◆ Exercise description ◆
Transcribe only the lines in the data below falling between the line with "Hoekbank Parma zonder slaapfunctie roze links Hoekbank" and the line with "Floor to floor", including those two lines, and leave out any picture.

◆ Input records ◆
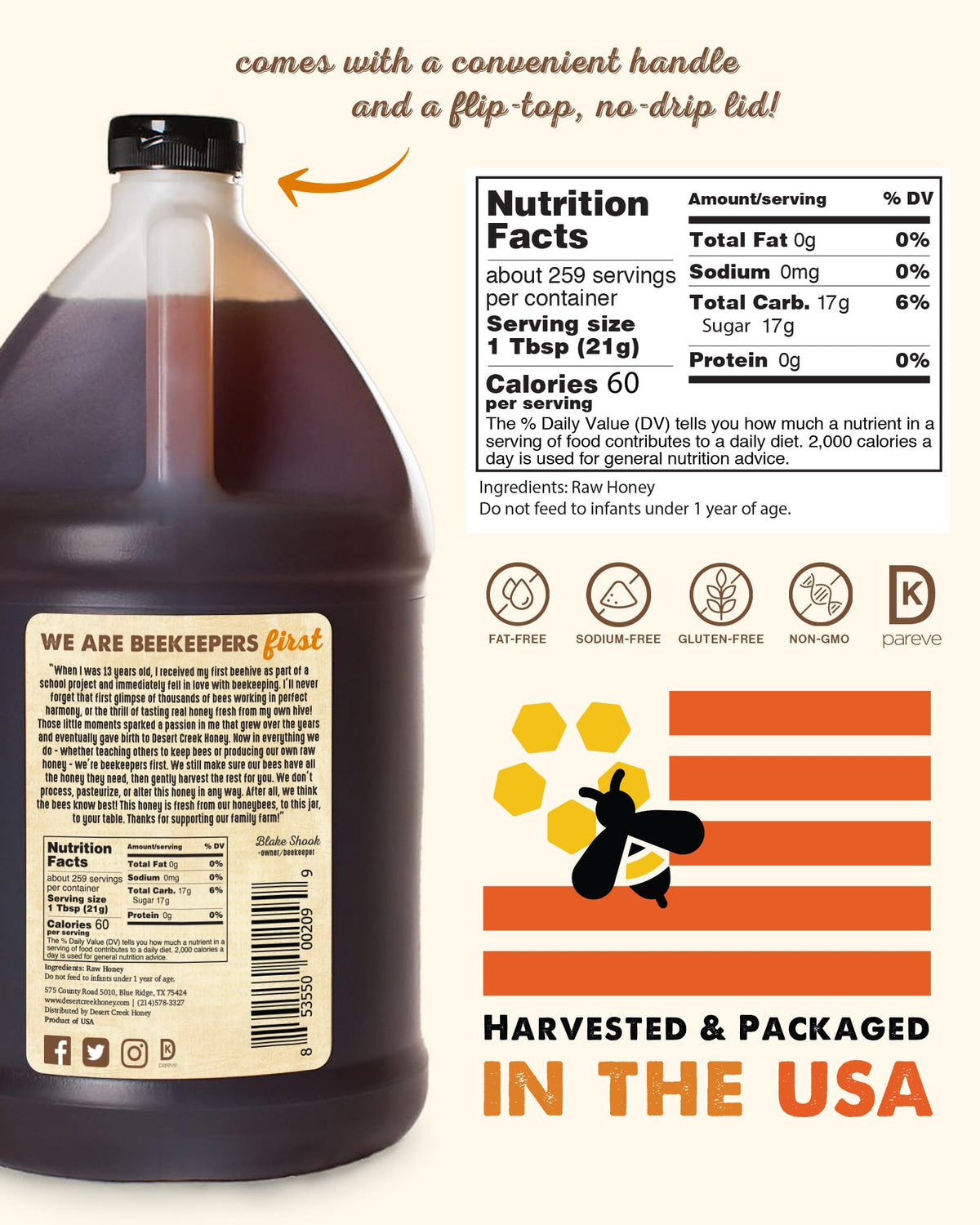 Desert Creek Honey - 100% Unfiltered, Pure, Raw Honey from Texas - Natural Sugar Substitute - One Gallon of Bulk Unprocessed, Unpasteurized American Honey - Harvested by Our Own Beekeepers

* * *

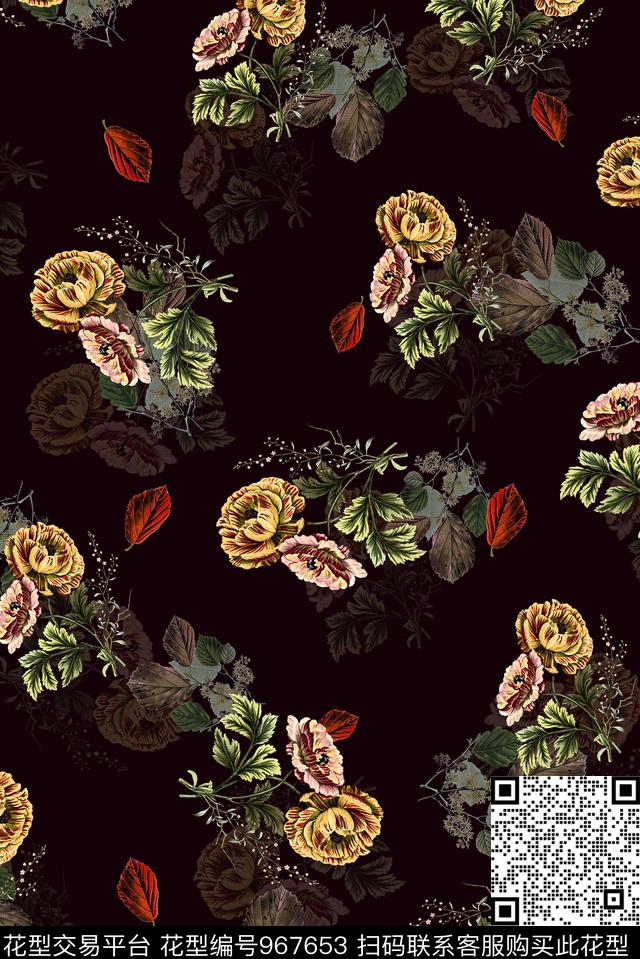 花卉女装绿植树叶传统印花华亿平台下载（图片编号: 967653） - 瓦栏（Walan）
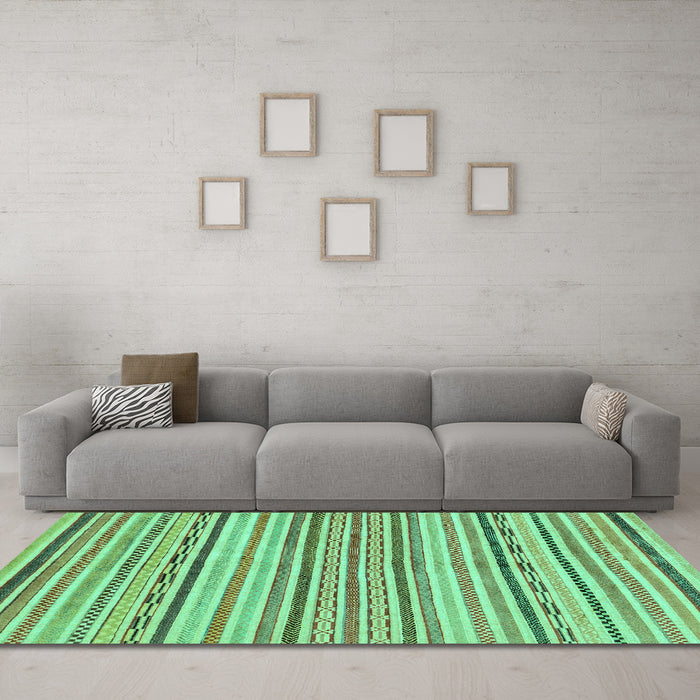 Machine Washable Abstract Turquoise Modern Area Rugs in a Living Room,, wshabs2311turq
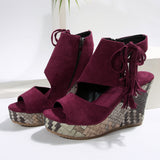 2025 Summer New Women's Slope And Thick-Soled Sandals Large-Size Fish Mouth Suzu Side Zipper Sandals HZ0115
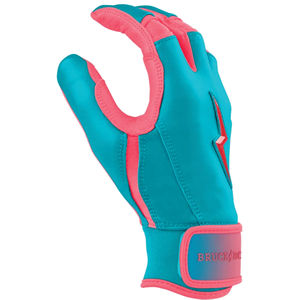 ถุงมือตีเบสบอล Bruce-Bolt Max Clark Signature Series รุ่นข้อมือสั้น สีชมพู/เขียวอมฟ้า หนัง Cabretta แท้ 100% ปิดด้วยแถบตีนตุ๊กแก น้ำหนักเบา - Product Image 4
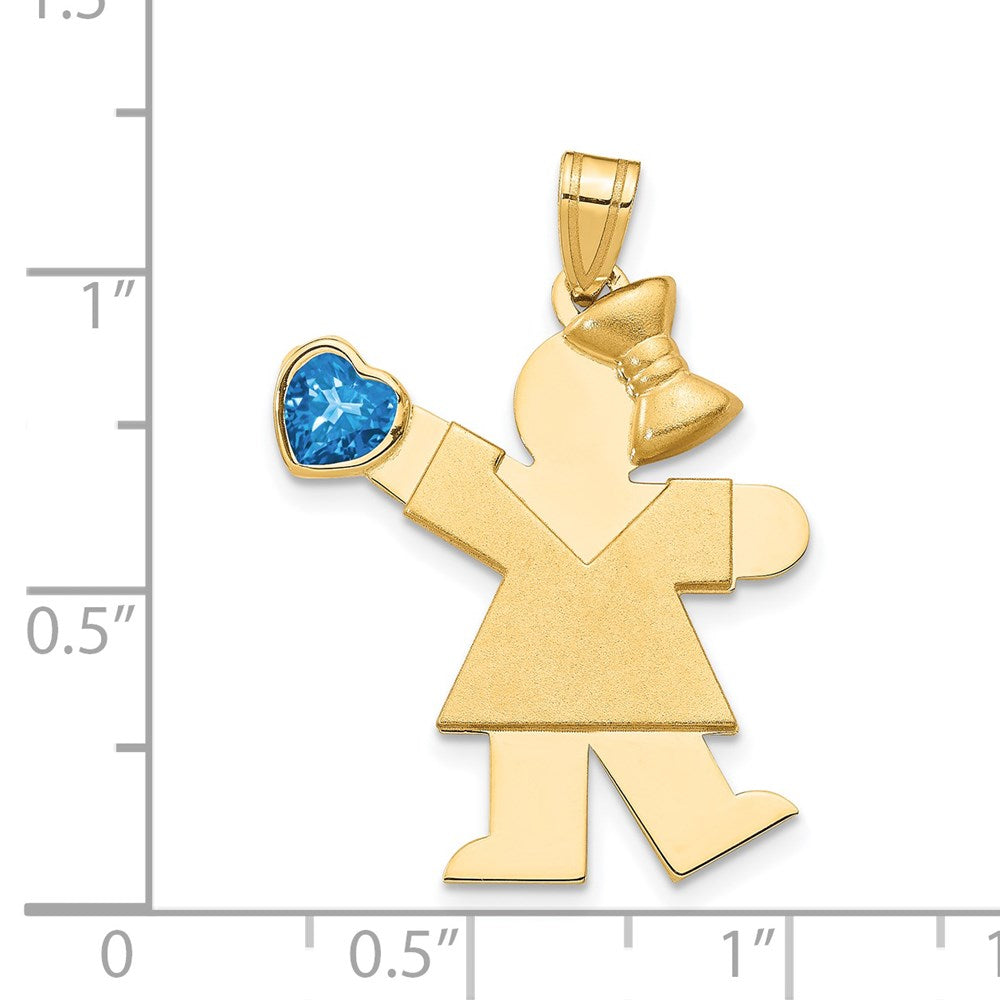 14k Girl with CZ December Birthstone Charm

==

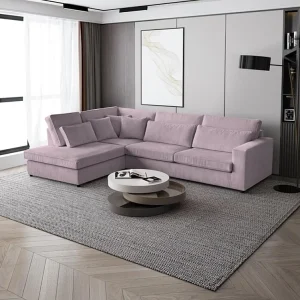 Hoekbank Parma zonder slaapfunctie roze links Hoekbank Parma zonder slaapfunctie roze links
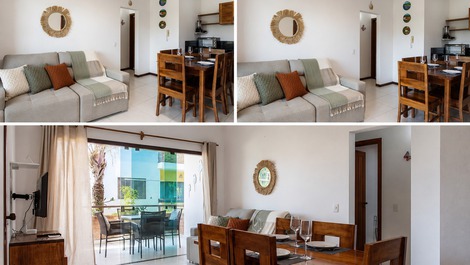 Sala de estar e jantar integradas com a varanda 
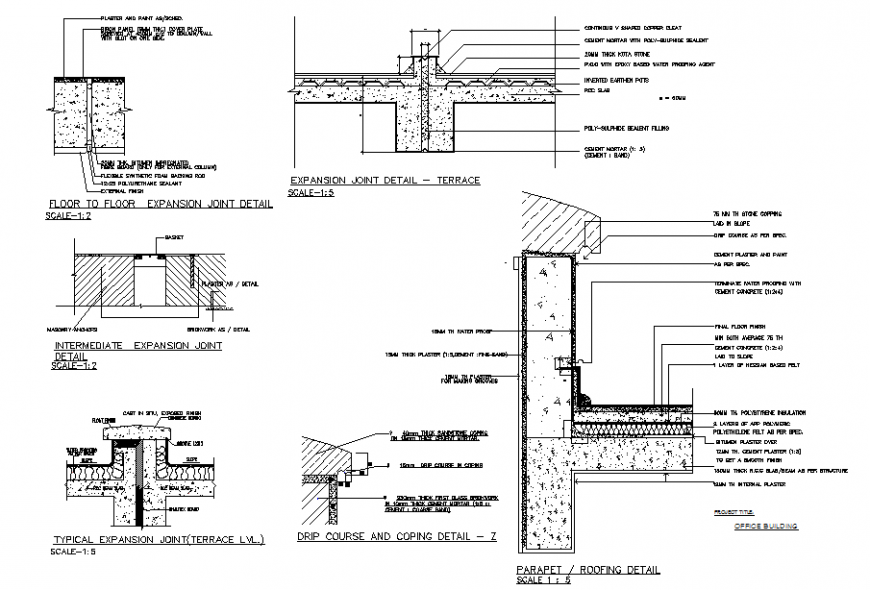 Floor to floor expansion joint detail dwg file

◆ Response below ◆
 Hoekbank Parma zonder slaapfunctie roze links Hoekbank Parma zonder slaapfunctie roze links
 Sala de estar e jantar integradas com a varanda 
 Floor to floor expansion joint detail dwg file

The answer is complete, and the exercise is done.